Single-host (no LB) deployments
Re-run playbooks/site.yml. The notify: restart … handlers
cause a brief restart; in-flight requests fail (~5–10 s) but
everything else stays put.
Sizing reference
Small production (100 – 1,000 peers)
| Role | Count | CPU | RAM | Disk |
|---|---|---|---|---|
| Controller | 1 | 2 vCPU | 4 GB | 60 GB SSD |
| Gateway (relay) | 2 | 1 vCPU | 2 GB | 20 GB |
| Postgres | 1 (managed) | 2 vCPU | 4 GB | 50 GB SSD |
mgmt + signal + dashboard share the controller; relays in 2 regions/AZs.
Medium production (1,000 – 10,000 peers)
| Role | Count | CPU | RAM | Disk |
|---|---|---|---|---|
| Controller (HA pair) | 2 | 4 vCPU | 8 GB | 100 GB SSD |
| Gateway (relay) | 3 | 2 vCPU | 4 GB | 40 GB |
| Postgres (HA) | 1 cluster | 4 vCPU | 8 GB | 100 GB SSD |
Controllers run mgmt + signal + dashboard active-active behind
the LB. Use inventories/production/ with openzro_cloud: aws
or openzro_cloud: gcp.
Large production (10,000+ peers)
Custom — bottleneck is usually Postgres + relay-tier bandwidth, not the management service.
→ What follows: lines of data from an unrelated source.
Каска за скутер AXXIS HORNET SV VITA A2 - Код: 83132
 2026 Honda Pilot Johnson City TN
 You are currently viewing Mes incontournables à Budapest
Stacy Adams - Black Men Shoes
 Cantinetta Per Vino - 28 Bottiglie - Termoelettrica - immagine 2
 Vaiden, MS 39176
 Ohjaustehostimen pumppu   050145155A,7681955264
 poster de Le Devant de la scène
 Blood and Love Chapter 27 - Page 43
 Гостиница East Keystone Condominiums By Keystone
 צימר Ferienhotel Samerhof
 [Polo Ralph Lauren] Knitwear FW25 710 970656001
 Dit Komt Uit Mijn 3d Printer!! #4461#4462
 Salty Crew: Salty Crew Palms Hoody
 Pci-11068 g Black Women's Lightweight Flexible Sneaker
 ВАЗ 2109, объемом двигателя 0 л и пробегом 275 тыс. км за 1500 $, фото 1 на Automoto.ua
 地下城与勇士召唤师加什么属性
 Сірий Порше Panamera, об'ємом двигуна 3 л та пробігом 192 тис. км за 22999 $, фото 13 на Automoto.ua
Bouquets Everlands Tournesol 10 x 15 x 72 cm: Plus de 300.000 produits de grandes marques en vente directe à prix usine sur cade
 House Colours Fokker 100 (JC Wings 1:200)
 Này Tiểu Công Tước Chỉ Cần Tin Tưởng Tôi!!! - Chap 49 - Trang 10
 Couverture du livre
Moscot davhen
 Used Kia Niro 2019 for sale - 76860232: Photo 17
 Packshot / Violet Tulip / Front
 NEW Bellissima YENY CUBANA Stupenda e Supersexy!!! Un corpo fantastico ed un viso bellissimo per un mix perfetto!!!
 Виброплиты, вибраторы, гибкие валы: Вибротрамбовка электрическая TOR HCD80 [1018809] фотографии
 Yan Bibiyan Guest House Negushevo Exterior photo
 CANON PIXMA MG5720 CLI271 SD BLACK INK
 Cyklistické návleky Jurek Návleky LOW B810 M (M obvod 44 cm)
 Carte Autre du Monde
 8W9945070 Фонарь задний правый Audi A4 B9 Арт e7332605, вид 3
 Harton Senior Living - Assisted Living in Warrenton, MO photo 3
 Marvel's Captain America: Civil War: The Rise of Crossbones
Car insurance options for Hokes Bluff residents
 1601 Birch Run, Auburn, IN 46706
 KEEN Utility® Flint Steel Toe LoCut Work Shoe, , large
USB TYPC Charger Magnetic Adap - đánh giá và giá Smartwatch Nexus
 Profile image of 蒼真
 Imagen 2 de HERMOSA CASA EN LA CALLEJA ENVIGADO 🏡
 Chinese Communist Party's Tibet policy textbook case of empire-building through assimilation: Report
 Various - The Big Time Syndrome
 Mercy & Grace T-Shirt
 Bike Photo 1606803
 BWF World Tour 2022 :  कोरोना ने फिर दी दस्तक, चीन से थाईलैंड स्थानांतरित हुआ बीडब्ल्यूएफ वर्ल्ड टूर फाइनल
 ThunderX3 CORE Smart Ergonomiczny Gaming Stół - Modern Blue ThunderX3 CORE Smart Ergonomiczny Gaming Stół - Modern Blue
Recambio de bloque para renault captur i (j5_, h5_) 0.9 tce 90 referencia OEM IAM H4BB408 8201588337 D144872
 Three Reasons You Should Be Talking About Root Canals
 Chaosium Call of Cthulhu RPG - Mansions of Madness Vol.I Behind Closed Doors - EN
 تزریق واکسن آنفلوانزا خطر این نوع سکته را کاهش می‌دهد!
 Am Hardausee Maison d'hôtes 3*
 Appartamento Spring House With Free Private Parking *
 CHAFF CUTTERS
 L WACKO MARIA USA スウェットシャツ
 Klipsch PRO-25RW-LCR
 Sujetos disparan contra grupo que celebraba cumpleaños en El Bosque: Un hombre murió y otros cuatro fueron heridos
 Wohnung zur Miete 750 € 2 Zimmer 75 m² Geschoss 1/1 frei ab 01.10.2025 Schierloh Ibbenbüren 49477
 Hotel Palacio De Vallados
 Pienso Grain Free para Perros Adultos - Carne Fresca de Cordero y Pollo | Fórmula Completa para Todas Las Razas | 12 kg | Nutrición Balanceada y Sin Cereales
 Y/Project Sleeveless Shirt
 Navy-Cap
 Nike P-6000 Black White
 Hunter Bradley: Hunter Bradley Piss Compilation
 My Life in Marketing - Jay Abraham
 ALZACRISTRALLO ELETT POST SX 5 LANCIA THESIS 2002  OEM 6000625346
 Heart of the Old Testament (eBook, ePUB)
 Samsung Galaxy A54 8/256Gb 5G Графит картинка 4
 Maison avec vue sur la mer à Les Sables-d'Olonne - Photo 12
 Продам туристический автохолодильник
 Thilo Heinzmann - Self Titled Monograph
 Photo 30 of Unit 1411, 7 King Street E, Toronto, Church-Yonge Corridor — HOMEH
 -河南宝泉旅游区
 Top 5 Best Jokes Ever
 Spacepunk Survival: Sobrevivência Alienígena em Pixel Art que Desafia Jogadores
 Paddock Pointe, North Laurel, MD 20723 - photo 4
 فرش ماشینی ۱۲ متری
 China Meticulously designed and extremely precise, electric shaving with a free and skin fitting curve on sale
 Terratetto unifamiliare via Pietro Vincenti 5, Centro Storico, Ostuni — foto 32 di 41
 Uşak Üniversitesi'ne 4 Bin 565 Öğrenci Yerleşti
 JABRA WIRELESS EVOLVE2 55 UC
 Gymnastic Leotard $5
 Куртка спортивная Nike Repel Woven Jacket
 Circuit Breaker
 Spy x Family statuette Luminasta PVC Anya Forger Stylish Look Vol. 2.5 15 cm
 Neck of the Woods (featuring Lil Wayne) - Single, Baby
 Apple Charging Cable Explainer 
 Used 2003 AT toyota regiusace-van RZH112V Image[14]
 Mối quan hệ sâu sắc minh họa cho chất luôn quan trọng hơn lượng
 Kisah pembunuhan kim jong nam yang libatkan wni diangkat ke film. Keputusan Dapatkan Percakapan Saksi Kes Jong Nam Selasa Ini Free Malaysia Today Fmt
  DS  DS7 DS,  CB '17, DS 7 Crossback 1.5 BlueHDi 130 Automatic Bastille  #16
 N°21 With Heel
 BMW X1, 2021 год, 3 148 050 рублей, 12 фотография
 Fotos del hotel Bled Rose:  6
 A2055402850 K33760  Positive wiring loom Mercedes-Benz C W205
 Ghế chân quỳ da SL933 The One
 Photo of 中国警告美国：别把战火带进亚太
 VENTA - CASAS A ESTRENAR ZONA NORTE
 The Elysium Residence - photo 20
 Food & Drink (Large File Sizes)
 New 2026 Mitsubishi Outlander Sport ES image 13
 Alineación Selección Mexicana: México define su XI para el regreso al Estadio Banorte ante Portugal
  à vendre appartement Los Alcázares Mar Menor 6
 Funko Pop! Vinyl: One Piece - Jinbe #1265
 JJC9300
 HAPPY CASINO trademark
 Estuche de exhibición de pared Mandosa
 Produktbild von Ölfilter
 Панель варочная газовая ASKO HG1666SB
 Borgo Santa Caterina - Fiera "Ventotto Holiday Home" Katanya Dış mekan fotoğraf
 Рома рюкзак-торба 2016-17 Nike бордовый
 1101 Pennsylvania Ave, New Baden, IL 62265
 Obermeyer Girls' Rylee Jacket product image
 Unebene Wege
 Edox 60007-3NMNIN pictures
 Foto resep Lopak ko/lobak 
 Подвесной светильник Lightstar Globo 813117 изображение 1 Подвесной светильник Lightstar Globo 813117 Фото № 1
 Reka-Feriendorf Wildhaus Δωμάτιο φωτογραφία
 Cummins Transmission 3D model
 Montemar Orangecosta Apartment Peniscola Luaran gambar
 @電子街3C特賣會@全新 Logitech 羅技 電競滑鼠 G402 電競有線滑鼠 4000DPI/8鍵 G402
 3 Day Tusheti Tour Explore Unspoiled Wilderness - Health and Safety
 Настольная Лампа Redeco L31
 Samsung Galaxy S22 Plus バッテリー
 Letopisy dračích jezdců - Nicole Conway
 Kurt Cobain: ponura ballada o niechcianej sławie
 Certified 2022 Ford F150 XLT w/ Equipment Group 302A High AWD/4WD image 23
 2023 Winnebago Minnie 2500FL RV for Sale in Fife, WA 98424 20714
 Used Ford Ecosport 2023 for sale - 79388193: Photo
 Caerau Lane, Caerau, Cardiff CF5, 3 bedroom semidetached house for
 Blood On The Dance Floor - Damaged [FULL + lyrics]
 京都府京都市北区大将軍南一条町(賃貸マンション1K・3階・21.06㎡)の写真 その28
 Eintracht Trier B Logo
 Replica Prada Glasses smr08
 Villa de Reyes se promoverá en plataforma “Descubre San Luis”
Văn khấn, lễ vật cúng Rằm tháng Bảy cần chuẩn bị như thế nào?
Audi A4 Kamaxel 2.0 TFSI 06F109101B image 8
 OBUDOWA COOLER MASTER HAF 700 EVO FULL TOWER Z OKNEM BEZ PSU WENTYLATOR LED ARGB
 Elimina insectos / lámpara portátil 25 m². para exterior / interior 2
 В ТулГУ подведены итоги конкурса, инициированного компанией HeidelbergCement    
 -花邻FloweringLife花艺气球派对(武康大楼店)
Profile first, then scale relays horizontally (more hosts in the same region balances better than scaling up a single host).
Networking
- Controller: ports 80 + 443 public (nginx terminates TLS), 443 forwards to mgmt gRPC + REST + signal gRPC + dashboard
- Relay: UDP 33080 + TCP 33080 public, direct (NOT through nginx — relay is L4)
- Postgres: never public, private network only
- Inter-controller: TCP 6222 between management hosts (or
the configured
openzro_cluster_peer_port) for the embedded NATS coordinator
Where to file issues
- Ansible role bugs / inventory questions: openzro/openzro-ansible
- Server package bugs (mgmt / signal / relay): openzro/openzro
- Dashboard bugs: openzro/openzro
The cluster coordinator design (embedded NATS by default, with
NATS / Redis as alternatives) is shared with the
Helm chart's cluster.mode
— same primitive, two deploy paths. Operators who later move
from bare-metal to K8s keep the same coordination model.